Monday, October 30, 2006

Tips for Winterizing your Boat

Aspiring Pro Mike Diehl sent in the following tips on how to winterize your boat:

1. Fill your gas tank(s) and add gas stabilizer. (Follow the instructions on the stabilizer bottle as far as quantity. If in doubt, more is better.)

**Most manufacturers will advise to store the tanks full to ensure that there's no condensation. Some of the smaller motors can have their fuel lines disconnected and run dry; this doesn't eliminate all gas from the motor and can lead to gummed up carbs, etc., come Spring. Having stabilized gas throughout the motor ensures that gaskets don't dry out and there's no chance of the gas turning to varnish.


2. Run the motor for 10-15 minutes to ensure that stabilized gas is in all of the lines, carbs, etc. (I take mine for a run after stabilizing the gas; I want to make sure that I've used up all of the un-stabilized gas that was in the fuel line, etc., and that only stabilized gas is in the system.)

3. Before shutting the motor off, you will want to fog the engine by spraying a fogging oil (storage seal) into all of the carbs (or the EFI system).

**
Check your owner's manual for specific instructions on how to fog your particular engine. (Some of the newer engines are not to be fogged.) Follow the instructions on the can; you will want to have the motor smoking "big time", this ensures that you have the engine properly fogged.

**Fogging oil puts a coating of oil on all of the cylinder walls and throughout the engine; it prevents rust from occuring during the winter storage months.


4. Remove the spark plugs and spray fogging oil into each of the plug holes. (About a 3-4 second spray in each.) Replace the spark plugs and disconnect your kill switch. Turn the motor over 3-4 times to distribute the oil into the cylinders.
**Not everyone does this step, but I figure that it's extra insurance that the entire engine is well fogged. After the first run in the Spring you might want to consider putting in new spark plugs, don't put in new ones in the Fall, they will just get "messed up" with the fogging oil.


5. Remove the prop and check for fishing line behind it. Grease the shaft and replace the prop.

**If you have any nicks or dings on the prop you might want to have it repaired during the winter when the "prop guys" aren't too busy, rather than waiting until Spring.


6. Change the lower unit lube, (or at least check to ensure that there is no water present in the oil to ensure that it can't freeze during the winter. If there's water in the oil, it will be at the bottom and will come out first, or the lube will be a milky color which indicates water present.

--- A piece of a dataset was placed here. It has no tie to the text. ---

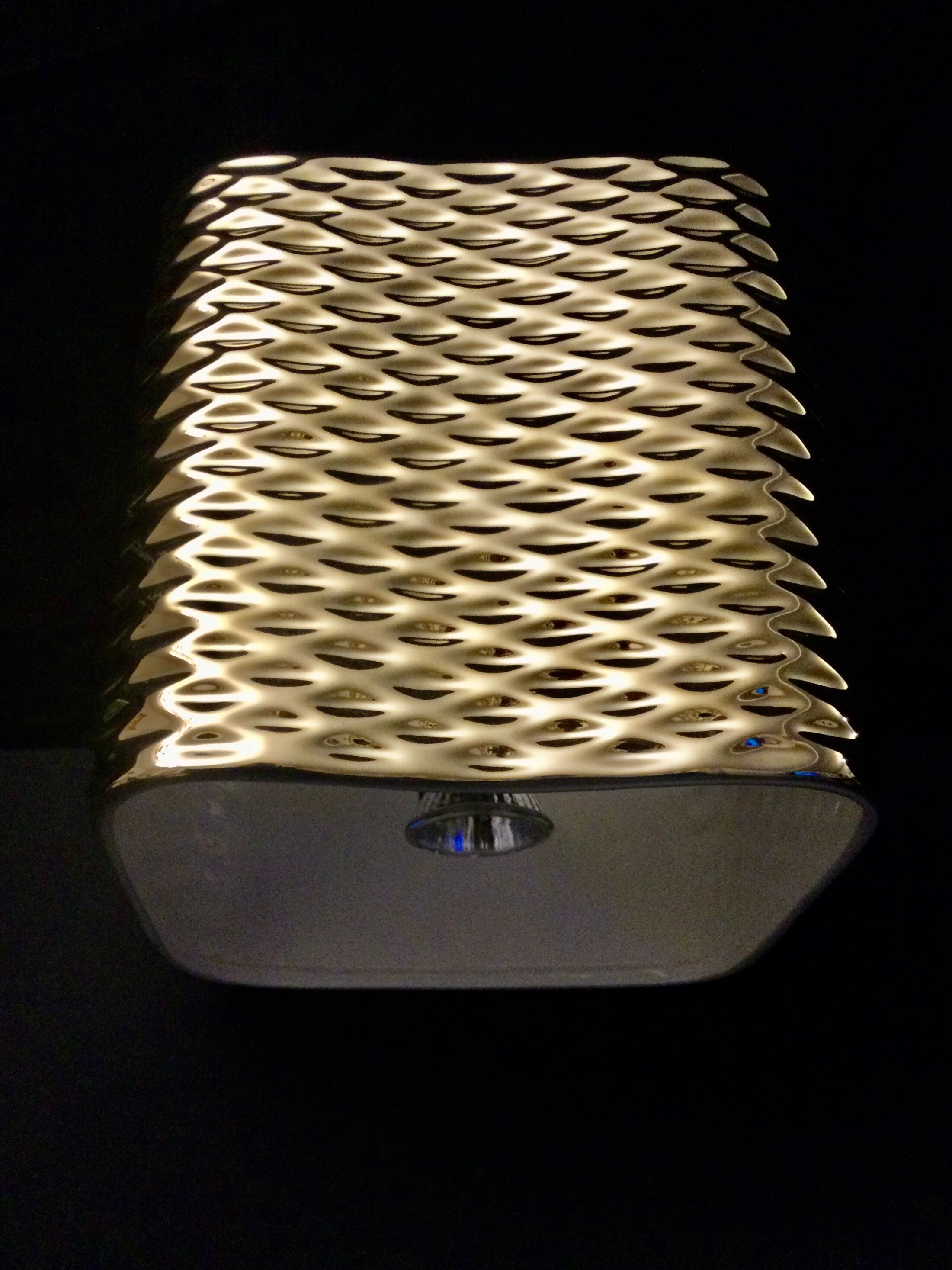 Golden ceramic cube wall light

7. Grease all fittings and lubricate all points shown in your owner's manual.

8. Fill the oil tank(s) to the top to prevent condensation during the winter.

9. Remove all batteries and store them inside. Charge them about every 6 weeks or so to keep them "topped up".

**You might want take the wires from each battery and put a cable tie (or piece of wire) through them to keep them in "sets" so that you know which ones go where come Spring. Label them as well, if need be.


10. Check to ensure that you don't have any water in your livewells, bilge pumps, etc. If in doubt you might want to add some RV antifreeze to them.

11. To make sure that the water in your water pressure line doesn't freeze during the winter and damage your gauge, you might want to disconnect the line and drain the water out.

12. Check your trailer tires to ensure that they are at the maximum tire pressure (probably 50#). Depending on where you store your trailer you might want to consider putting the trailer on blocks to keep it from sitting on the tires all winter.

13. Check the trailer hubs to see if they need grease added.

14. You might want to prop all of your compartments open slightly with pieces of styrofoam (or something similar), to ensure that air can circulate everywhere to prevent any condensation.

15. Remove basically everything from the boat.

16. Make sure that you store your motor in the "down" position to ensure that all water has drained out.

17. Wash the boat,and put a coat of wax on it (and the motor), if it needs it.

That's it..........you're done!!

Editor's Note: Wheu! Thanks Mike. I'm sweaty and tired just thinking about it! Maybe I'll just keep fishing through the winter and just wear heavier clothing.